Whanganui's property market is currently one of the strongest in New Zealand but a leading economist says the district needs a big step up in economic performance for long-term sustainability.
Cameron Bagrie, of Bagrie Economics, said Whanganui was currently playing catch-up after being "pretty late to the housing party".
"Whanganui underperformed for a very extensive and long period - and to be fair that's how things tend to go in some of the regions such as Whanganui," he said.
"The way it generally works is it tends to be Auckland off to the races first and then it takes a long time for it to proliferate down into the regions.
"Now what we've got across New Zealand is that, generally speaking, the more expensive end of the market – this is Auckland, Queenstown, parts of Tauranga – we're seeing price resistance so markets are actually starting to come back a little bit.
"Conversely, if I look around, where we're seeing the strongest price growth across New Zealand at the moment is generally in the cheaper regions.
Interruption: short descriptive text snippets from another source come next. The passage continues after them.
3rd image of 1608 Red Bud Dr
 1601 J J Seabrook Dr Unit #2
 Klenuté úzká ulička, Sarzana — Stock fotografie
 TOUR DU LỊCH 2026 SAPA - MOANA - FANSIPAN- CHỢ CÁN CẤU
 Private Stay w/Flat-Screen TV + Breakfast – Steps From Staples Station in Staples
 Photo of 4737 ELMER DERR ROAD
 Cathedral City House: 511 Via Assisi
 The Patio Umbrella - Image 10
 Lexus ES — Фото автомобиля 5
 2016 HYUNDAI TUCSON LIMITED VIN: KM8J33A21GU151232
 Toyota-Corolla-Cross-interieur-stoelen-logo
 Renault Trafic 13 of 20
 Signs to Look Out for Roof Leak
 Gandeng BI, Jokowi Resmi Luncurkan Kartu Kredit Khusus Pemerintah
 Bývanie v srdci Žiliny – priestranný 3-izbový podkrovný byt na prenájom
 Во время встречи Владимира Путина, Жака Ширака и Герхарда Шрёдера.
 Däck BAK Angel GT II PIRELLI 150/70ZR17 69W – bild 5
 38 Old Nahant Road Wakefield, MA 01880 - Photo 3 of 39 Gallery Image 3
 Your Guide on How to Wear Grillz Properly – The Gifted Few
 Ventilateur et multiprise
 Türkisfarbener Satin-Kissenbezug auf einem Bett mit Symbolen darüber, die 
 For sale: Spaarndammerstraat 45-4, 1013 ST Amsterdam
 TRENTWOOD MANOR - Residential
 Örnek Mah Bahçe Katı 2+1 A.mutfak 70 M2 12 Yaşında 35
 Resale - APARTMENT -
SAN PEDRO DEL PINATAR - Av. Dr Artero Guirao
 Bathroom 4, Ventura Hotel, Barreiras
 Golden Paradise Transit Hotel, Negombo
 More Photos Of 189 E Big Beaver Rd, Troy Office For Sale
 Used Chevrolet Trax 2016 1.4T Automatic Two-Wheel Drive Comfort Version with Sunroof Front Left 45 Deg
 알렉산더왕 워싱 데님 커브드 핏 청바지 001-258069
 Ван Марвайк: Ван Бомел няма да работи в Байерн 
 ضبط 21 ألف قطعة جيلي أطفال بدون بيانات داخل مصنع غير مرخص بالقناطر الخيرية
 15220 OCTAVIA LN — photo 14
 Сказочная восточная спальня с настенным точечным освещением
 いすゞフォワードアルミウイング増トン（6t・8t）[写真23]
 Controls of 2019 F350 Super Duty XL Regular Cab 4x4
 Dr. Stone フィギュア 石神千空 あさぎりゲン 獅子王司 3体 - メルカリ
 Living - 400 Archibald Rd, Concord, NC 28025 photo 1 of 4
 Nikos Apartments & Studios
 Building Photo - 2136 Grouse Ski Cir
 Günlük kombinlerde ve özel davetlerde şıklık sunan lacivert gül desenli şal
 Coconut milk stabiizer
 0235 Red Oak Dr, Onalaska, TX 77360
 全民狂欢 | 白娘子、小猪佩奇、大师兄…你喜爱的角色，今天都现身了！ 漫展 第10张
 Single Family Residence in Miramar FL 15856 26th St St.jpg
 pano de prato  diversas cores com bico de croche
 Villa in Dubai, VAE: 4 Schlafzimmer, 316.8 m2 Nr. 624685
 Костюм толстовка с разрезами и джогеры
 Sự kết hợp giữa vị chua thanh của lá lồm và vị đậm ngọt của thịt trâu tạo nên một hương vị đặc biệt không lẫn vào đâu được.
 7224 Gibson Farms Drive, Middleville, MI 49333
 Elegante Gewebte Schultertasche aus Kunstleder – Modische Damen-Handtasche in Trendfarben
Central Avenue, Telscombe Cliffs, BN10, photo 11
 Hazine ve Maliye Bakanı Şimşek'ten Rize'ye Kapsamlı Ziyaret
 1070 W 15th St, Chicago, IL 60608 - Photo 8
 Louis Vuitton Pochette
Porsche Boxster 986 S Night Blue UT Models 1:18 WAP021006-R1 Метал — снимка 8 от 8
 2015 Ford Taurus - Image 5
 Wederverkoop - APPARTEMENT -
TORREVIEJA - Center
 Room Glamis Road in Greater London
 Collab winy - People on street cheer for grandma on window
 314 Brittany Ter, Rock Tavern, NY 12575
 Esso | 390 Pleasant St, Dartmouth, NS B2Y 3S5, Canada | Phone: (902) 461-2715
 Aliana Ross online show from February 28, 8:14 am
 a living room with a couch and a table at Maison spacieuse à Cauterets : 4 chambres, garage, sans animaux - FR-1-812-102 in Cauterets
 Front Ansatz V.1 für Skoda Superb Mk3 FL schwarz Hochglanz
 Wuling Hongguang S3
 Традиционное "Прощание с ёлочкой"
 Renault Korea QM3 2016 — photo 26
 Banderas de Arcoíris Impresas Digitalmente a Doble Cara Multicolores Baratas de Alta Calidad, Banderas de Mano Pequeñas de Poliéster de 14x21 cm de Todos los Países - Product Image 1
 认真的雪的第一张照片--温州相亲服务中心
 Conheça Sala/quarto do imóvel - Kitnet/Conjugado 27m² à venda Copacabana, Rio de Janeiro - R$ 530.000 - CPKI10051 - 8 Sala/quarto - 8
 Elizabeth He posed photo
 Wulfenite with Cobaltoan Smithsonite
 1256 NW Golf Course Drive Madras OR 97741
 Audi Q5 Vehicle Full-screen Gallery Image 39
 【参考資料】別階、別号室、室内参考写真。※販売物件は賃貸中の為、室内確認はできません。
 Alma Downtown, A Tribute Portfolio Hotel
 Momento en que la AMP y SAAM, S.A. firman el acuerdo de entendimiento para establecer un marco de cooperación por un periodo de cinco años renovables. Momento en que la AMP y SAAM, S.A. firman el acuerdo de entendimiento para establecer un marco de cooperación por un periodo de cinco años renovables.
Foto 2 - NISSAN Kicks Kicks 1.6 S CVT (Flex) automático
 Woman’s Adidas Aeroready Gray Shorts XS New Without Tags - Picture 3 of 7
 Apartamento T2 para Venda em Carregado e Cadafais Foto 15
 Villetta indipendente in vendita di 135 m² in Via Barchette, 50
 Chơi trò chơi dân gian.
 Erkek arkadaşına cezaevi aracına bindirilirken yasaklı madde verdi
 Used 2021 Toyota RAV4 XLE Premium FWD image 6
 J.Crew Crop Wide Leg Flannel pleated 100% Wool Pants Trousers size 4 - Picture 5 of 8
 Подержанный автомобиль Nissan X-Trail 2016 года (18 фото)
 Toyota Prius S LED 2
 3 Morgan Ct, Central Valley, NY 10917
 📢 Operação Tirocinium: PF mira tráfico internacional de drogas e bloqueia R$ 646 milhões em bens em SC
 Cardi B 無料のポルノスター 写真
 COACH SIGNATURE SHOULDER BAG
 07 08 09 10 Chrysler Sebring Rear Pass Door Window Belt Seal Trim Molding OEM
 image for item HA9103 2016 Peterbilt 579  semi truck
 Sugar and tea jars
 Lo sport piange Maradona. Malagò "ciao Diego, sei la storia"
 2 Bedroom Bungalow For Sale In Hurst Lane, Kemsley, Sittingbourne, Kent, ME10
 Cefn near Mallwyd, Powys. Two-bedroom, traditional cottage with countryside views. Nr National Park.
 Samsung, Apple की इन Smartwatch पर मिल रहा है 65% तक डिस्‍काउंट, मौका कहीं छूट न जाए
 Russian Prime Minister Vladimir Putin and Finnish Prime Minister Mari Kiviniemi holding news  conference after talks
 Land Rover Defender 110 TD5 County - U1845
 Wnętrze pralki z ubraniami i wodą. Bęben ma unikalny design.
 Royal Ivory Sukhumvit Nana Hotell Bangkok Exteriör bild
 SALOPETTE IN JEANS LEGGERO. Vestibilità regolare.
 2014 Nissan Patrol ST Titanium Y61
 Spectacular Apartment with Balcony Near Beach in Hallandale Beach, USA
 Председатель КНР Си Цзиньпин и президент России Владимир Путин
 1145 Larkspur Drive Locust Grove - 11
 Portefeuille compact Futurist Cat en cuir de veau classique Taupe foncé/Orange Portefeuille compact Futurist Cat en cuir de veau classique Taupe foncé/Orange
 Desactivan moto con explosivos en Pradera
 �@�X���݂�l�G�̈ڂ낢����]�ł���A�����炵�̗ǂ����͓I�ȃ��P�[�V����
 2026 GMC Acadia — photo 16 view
If I look at affordability, such as a simple measure of ratio of house prices to incomes, I see Invercargill going gangbusters, Palmerston North is going well, Dunedin – and Whanganui's in that bunch as well.
"Typically Whanganui will tend to go through about a four-year spurt and then it'll be a dead duck for about a decade. That's sort of been the historical tendency. They could break out of that rut, that historical pattern, if they could get a little bit more of a self-sustaining economic story."
With interest rates continuing to move down, high yielding regions "where the numbers stack up a little bit better" were likely to be the outperformers, Bagrie said.
"You're going to see both capital from within Whanganui and capital from outside the Whanganui region is going to be looking at the region because they've probably got prospects for a little bit more capital gain but the yields just stand out. There are not too many other prospects at the moment where you can walk in and get a 7 per cent yield - and you're still seeing 7 per centers in Whanganui.
"There's a limit to how high Whanganui prices can continue to maintain the current performance levels in the absence of a big step up in economic performance. When Whanganui springs into life, boy it goes hell for leather, but when it goes to sleep it sleeps for a very long time which is why you do need to get those yields because prospects for capital gain at some stage are going to be seriously diluted.
"There's a real important story here in regards to getting the brass tacks support for the economy coming through."
Bagrie said developments with the New Zealand International Commercial Pilot Academy and tourism, plus some population growth, were positives for Whanganui. He was also keeping a close watch on what was happening with the port redevelopment.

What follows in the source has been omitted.